3 Minutes with…..Economist Eckart Naumann
By Beru Lilako
In this special Q & A, DevDispatch Contributor Beru Lilako discusses the African Growth and Opportunity Act (AGOA) with economist Eckart Naumann. The discussion sheds light on AGOA developments and possible synergies with the AfCFTA.
Beru Lilako: Can you please introduce yourself
Eckart Naumann: I am an economist, focusing on various disciplines concerning international trade and trade agreements, particularly rules of origin and related customs issues. I also have a particular interest in the Africa-US trade relationship. For the past twenty years I have been working closely with the Trade Law Centre (tralac), of which I continue to be an associate.
Beru Lilako: How are you involved in shaping the African narrative under the AGOA?

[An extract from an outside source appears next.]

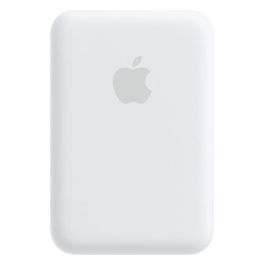 MagSafe Battery Pack
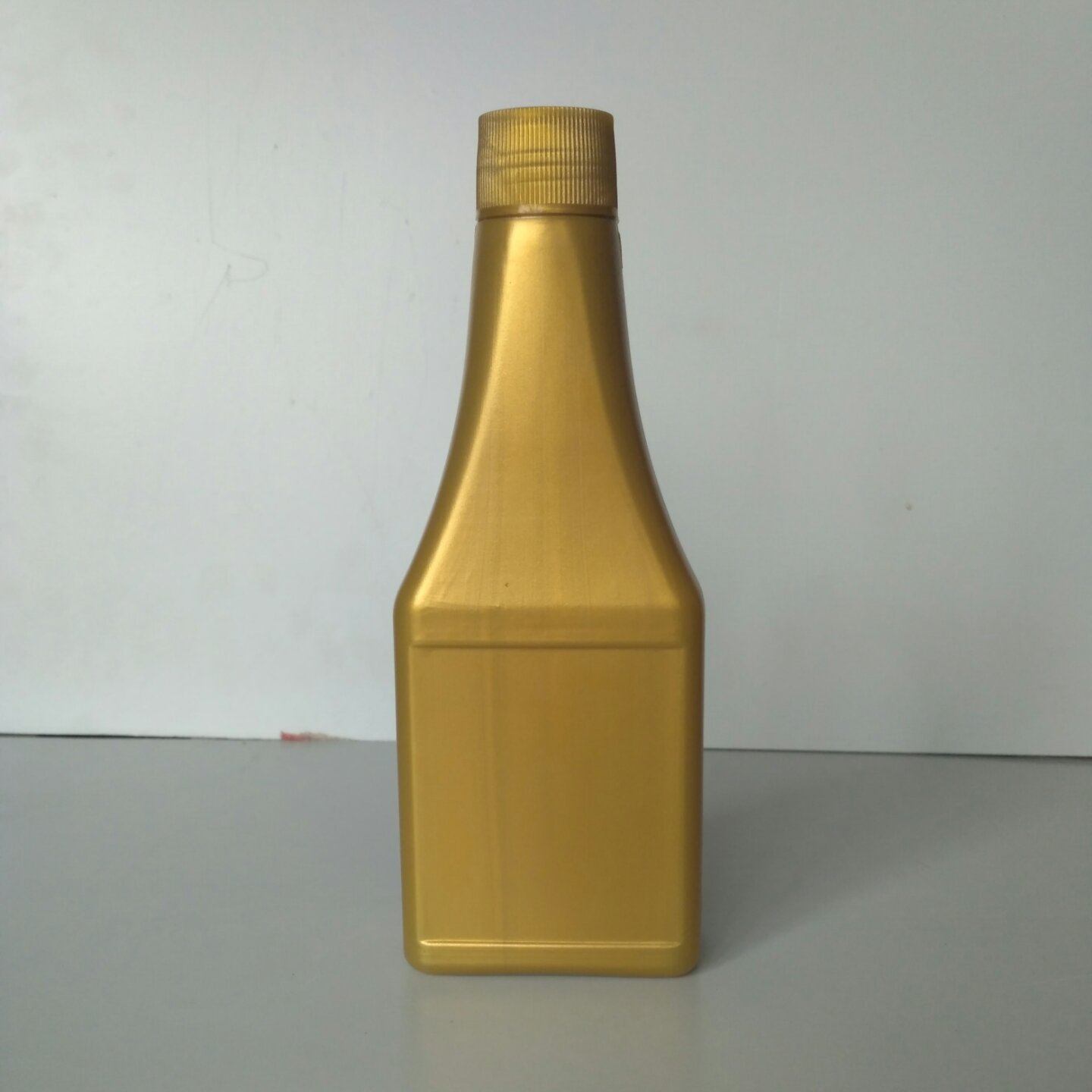 350ml燃油宝瓶 hope塑料瓶 350毫升燃油添加剂塑料瓶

Eckart Naumann: Shortly after the African Growth and Opportunity Act (AGOA) legislation was enacted more than twenty years ago, and with the support of tralac, I created (and still am responsible for) the AGOA information web portal. It serves a considerable user base across Africa and the United States, and many thousands of stakeholders use it each month, be it for better understanding AGOA and its associated rules, accessing trade data, downloading exporter resources or using its online tools to determine the classification codes and AGOA preference status for their products, which count among its many resources. It’s been widely acknowledged as contributing to a much deeper understanding of AGOA and helping to shape the discourse around it, is used by businesses, African governments, policymakers, international development organisations, journalists, service providers, members of Congress and their staff, and many others. It has become a public good and also represents the institutional record of AGOA.
Beru Lilako: What were your key takeaways from the recently concluded AGOA Forum in Johannesburg?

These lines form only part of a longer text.